Bu defa da Prizren’de Filizler Atatürkçü Kültür ve Sanat Derneği’nin düzenlediği Atatürk’ü Anma Haftasında bulunduk. Filizler Derneği bu güzel faaliyeti 16 senedir yapıyor. Türkiye’den gelen Türk musikisi ve folklor gruplarının gösterileri oldukça dikkat çekti. Öğrenciler arasında çeşitli yarışmalar yapıldı. Bunun en dikkat çekici olanı Atatürk’ün gençliğe hitabesini okuma yarışmasıydı. Ayrıca film (Fetih 1453) gösterisini kapsayan bu faaliyetler, faaliyetlere katılma ve ilgi gerçekten sevindirici ve duygulandırıcı idi. Bu güzel faaliyetler çocuklarımızı sosyalleştirmekte, mensup oldukları Türk kültürünün özelliklerini onlara kazandırmaktadır.
Toplantılara Sayın Büyükelçimiz Songül Ozan’ın, Türk bakanımız Mahir Yağcılar’ın, Türk milletvekillerinin, Türk temsil heyeti başkanı Albayımızın ve görevlilerin katılması ve faaliyetlere destek olunması birçok güzel tablonun ortay çıkmasına vesile olmuştur. Prizren’de bizlerin de konuşmacı ve oturum başkanı olarak katıldığımız “Atatürk ve Balkanlarda Türkler” konulu açık oturum yapıldı. Aynı açık oturum Priştine’de Kosova Priştineliler Derneği ve Aydınlar Ocağı’nın ortak faaliyeti olarak gerçekleştirildi. Toplantıya iştirak ve ilgi burada da sevindiriciydi.
Priştine’de Türkçe ve Arnavutça eğitim veren bir ilkokulu ziyaret ettik. Bir sınıfta öğrencilerimize hediye kitaplar dağıttık ve öğretmenlerimizle görüştük.
Kosova’da yeni kurulan Prizren Üniversitesi’ni ziyaret ettik. Türk rektör yardımcısı Nuran Malta’dan bilgiler aldık.
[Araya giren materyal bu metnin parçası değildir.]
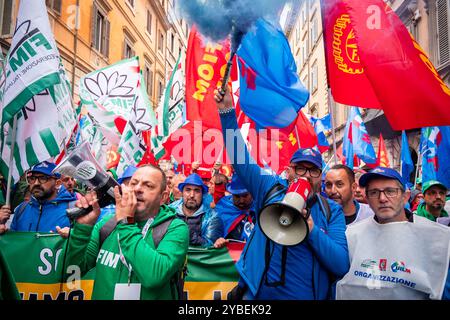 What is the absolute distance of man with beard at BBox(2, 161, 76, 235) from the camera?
154 inches

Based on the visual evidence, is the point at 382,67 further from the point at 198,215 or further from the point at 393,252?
the point at 198,215

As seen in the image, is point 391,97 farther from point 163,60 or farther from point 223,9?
point 163,60

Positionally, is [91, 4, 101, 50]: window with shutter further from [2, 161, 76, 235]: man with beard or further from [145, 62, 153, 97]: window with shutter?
[2, 161, 76, 235]: man with beard

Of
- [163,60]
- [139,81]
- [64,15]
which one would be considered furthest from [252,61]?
[163,60]

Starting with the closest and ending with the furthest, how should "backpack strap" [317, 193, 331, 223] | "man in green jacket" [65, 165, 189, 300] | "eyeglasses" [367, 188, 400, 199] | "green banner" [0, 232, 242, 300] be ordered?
"man in green jacket" [65, 165, 189, 300] → "backpack strap" [317, 193, 331, 223] → "eyeglasses" [367, 188, 400, 199] → "green banner" [0, 232, 242, 300]

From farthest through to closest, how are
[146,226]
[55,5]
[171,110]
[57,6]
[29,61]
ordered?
[57,6] < [55,5] < [171,110] < [29,61] < [146,226]

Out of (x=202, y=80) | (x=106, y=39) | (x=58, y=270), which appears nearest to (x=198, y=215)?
(x=58, y=270)

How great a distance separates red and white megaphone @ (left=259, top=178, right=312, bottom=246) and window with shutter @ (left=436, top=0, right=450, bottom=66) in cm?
1230

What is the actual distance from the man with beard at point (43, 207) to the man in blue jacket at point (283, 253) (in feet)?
7.59

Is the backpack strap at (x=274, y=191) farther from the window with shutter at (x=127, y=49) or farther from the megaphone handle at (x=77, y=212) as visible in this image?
the window with shutter at (x=127, y=49)

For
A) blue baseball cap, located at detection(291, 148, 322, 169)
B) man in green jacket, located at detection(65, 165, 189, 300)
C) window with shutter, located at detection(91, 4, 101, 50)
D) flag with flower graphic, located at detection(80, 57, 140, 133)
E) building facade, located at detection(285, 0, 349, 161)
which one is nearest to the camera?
man in green jacket, located at detection(65, 165, 189, 300)

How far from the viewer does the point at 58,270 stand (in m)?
3.41

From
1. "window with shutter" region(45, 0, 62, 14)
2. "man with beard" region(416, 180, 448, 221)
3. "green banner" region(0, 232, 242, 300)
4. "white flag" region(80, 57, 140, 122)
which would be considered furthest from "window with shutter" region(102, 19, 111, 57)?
"man with beard" region(416, 180, 448, 221)

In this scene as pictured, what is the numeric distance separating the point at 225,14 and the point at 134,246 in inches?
56.1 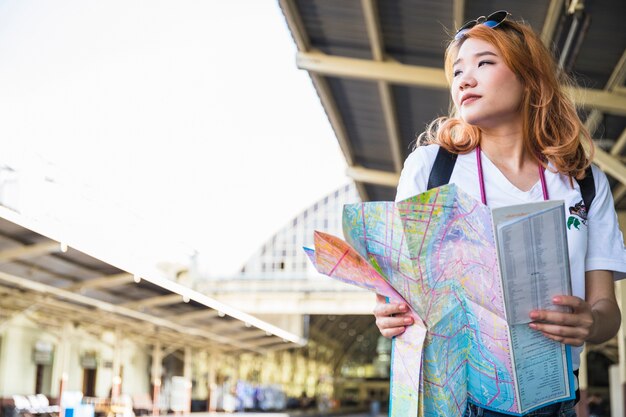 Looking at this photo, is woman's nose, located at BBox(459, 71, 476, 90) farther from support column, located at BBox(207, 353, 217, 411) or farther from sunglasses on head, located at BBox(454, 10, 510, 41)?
support column, located at BBox(207, 353, 217, 411)

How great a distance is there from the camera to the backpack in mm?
2199

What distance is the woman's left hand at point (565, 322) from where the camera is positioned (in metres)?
1.90

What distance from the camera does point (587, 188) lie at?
2.23m

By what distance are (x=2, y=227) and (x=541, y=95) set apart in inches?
494

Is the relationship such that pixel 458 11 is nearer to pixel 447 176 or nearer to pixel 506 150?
pixel 506 150

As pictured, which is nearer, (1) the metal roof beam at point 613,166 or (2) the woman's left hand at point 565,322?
(2) the woman's left hand at point 565,322

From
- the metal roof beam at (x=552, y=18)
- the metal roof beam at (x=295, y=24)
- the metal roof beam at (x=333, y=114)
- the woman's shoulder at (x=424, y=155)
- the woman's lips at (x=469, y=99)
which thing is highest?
the metal roof beam at (x=295, y=24)

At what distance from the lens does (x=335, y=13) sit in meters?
12.2

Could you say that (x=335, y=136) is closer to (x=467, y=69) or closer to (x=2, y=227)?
(x=2, y=227)

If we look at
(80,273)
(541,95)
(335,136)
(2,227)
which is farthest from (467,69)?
(80,273)

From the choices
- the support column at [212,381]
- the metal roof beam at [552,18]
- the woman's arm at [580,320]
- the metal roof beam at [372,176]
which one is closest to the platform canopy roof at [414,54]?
the metal roof beam at [552,18]

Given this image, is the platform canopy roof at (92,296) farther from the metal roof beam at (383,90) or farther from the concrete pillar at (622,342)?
the concrete pillar at (622,342)

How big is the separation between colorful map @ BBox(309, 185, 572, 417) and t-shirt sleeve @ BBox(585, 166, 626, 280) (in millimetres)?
307

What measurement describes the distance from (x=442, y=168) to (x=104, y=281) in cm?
1709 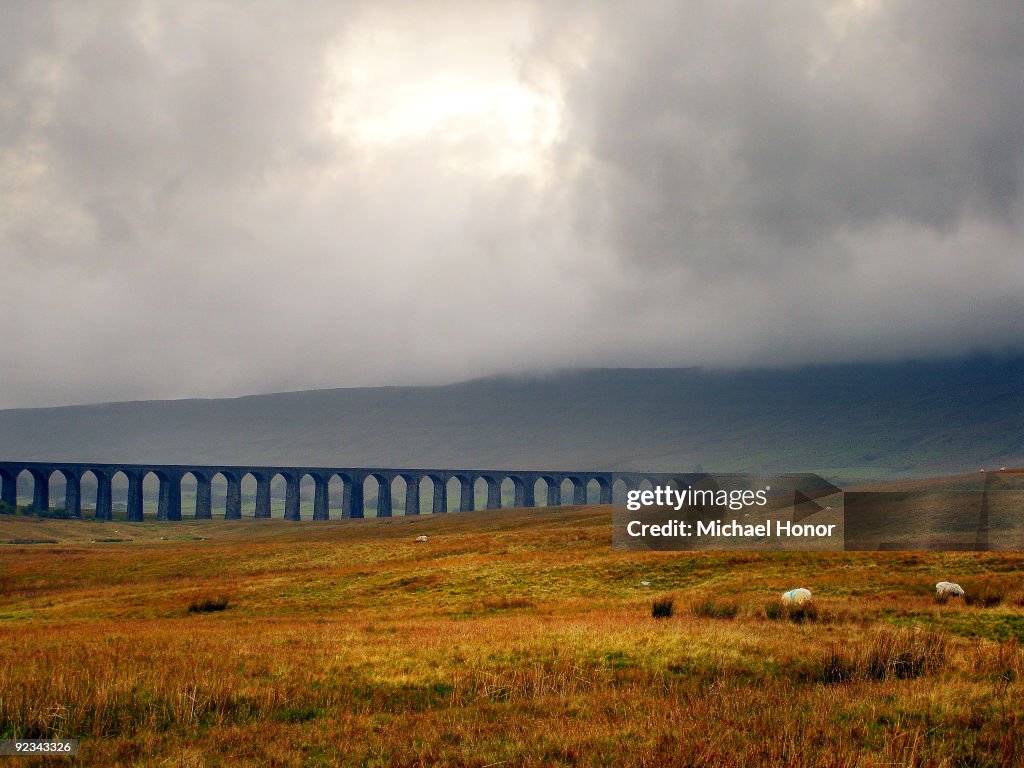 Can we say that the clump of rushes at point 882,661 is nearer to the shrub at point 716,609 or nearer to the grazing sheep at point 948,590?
the shrub at point 716,609

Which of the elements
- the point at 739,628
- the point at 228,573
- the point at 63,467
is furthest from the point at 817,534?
the point at 63,467

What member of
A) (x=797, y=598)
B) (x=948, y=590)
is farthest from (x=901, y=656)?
(x=948, y=590)

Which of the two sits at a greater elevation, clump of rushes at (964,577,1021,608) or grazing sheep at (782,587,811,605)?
grazing sheep at (782,587,811,605)

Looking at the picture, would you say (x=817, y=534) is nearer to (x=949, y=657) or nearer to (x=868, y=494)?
(x=868, y=494)

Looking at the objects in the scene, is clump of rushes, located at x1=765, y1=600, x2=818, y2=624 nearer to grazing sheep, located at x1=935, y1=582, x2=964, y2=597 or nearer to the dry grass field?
the dry grass field

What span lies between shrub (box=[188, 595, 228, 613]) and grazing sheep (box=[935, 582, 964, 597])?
3045 cm

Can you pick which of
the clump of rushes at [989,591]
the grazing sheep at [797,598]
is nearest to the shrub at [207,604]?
the grazing sheep at [797,598]

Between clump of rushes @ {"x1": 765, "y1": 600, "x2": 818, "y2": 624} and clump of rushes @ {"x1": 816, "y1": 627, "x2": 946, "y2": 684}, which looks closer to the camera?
A: clump of rushes @ {"x1": 816, "y1": 627, "x2": 946, "y2": 684}

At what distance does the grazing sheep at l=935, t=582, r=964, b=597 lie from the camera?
30281mm

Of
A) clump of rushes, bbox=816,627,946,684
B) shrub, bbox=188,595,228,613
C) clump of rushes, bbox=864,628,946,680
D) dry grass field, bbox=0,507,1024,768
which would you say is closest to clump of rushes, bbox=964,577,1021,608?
dry grass field, bbox=0,507,1024,768

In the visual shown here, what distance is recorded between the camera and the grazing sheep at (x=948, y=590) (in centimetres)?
3028

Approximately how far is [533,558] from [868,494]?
26.5 m

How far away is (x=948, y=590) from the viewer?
3069 centimetres

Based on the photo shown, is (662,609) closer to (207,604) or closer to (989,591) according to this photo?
(989,591)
Öğrenciler ile de görüşme imkânımız doğdu. Kütüphanenin zenginleştirilmesi ve ihtiyaçlar üzerinde durduk.
Ayrıca geçenlerde Prizren’de trafik kazasında kaybettiğimiz, yüzlerce öğrenci yetiştirmiş idealist Türk aydını, mücadele kadını Müveddet Bako’yu da kabri başında andık ve ruhuna Fatihalar gönderdik.
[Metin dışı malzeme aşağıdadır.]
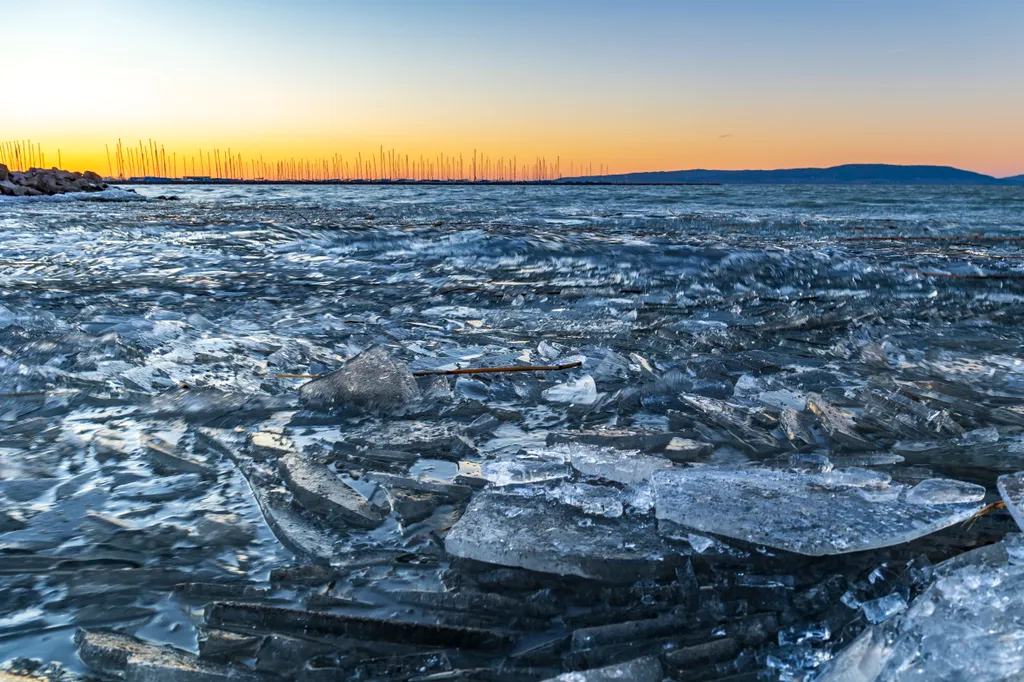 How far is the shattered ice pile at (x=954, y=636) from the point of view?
0.86 m

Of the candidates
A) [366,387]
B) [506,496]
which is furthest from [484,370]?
[506,496]

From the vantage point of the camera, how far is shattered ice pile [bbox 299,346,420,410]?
2.21 metres

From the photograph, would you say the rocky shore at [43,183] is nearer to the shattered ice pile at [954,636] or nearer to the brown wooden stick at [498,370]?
the brown wooden stick at [498,370]

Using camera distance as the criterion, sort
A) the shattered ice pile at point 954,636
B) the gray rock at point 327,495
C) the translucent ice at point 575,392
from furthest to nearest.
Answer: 1. the translucent ice at point 575,392
2. the gray rock at point 327,495
3. the shattered ice pile at point 954,636

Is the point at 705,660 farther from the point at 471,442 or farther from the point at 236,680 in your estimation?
the point at 471,442

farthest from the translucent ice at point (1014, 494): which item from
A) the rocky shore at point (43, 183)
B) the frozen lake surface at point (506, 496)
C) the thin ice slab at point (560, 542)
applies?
the rocky shore at point (43, 183)

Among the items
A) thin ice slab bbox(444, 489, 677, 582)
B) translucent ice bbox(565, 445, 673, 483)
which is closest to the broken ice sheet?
translucent ice bbox(565, 445, 673, 483)

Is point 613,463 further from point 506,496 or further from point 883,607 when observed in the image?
point 883,607

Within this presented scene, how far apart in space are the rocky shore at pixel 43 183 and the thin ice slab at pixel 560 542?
32387mm

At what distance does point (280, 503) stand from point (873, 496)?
1.29 metres

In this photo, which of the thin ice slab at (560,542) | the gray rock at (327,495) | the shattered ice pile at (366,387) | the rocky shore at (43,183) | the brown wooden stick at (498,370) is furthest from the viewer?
the rocky shore at (43,183)

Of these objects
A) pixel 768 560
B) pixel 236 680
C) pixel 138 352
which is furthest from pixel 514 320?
pixel 236 680

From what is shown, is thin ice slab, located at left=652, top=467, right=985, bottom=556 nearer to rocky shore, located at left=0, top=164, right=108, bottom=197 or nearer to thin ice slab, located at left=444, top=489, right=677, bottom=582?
thin ice slab, located at left=444, top=489, right=677, bottom=582

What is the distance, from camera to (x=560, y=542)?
1.29 meters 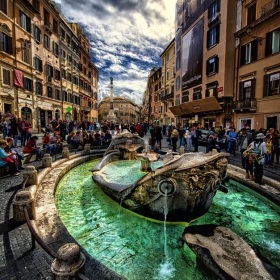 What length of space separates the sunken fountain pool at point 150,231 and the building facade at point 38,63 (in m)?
16.0

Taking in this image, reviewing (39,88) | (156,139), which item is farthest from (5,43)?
(156,139)

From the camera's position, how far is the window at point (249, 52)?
17219 millimetres

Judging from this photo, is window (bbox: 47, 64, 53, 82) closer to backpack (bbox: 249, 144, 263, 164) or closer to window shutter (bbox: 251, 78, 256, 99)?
window shutter (bbox: 251, 78, 256, 99)

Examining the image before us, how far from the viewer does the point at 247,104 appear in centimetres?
1752

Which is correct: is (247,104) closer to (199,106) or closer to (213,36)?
(199,106)

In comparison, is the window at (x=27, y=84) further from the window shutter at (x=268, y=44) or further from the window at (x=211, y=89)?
the window shutter at (x=268, y=44)

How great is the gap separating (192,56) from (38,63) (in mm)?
19990

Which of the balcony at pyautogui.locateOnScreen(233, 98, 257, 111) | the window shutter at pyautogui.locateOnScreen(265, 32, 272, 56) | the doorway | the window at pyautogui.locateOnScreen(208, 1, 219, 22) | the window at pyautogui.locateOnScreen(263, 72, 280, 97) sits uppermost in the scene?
the window at pyautogui.locateOnScreen(208, 1, 219, 22)

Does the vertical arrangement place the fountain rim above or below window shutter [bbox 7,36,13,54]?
below

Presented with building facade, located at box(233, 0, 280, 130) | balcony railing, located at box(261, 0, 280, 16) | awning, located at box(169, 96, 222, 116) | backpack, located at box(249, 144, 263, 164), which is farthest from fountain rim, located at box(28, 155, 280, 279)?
balcony railing, located at box(261, 0, 280, 16)

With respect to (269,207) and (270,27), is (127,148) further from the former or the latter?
(270,27)

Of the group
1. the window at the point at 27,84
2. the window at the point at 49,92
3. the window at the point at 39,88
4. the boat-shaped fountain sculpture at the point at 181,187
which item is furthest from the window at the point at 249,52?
the window at the point at 49,92

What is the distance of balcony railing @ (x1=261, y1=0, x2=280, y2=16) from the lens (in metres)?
15.4

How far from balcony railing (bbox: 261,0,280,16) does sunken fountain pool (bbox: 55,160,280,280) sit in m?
17.3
Balkanlarda Büyük Sırbistan, Büyük Arnavutluk ve Büyük Bulgaristan rüzgarları esiyor. Bizdeki gibi ufalma ve egemenliği paylaştırma görülmüyor. Sırbistan’da 1200 kişi üzerinde yapılan bir araştırma da deneklere AB mi yoksa Kosova mı diye soruluyor. Verilen cevaplarda %68 Kosova çıkıyor. Bazı ülkeler genişleme yolunda dernekler kurduruyor.
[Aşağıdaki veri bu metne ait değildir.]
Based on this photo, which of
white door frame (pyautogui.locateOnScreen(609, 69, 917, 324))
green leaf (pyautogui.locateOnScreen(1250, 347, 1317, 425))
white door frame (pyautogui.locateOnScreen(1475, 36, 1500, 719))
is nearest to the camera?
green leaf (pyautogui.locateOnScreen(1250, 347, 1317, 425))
Bu vesileyle açık oturumların açılış konuşmasında da belirttiğim bir hususa ele alalım. Kimlik konusunda üst ve alt kimlik tanımları bize uymamaktadır. Farklı milliyetlerden ve etnisitelerden yoğun göç almış Avustralya, Kanada ve ABD gibi ülkelerde bir şemsiye olarak üst kimlik kullanılabilir. Çünkü göç edenler önceden herhangi bir bağlarının olmadığı yabancı bir ülkeye gitmektedirler.
Bizde ise; Balkanlardan ve Kafkaslardan Türkiye’ye gelenler yabancı milliyet ve etnisite olmayıp dedelerinin vatanlarına dönmüşlerdir. Rumeli göçlerinde binlerce insan yollarda perişan olmuş ve çok kişi hayatını kaybetmiştir. Bu insanlar kolayına kaçar, bu kadar zorluğa katlanmadan Güneye İtalya’ya da göç edebilirlerdi. Ancak, onlar kendilerine hiç de yabancı olmayan kendilerinden önceki nesillerin vatanlarına dönmeyi tercih etmişlerdir. Bundan dolayı yukarıda saydığımız ülkelerin aksine, Türkiye’de birbirinden farklı etnisiteleri barındıran bir havuz ortaya çıkmamıştır. Daha ziyade tercüme kokan kavramları çok dikkatli kullanmak gerekmektedir.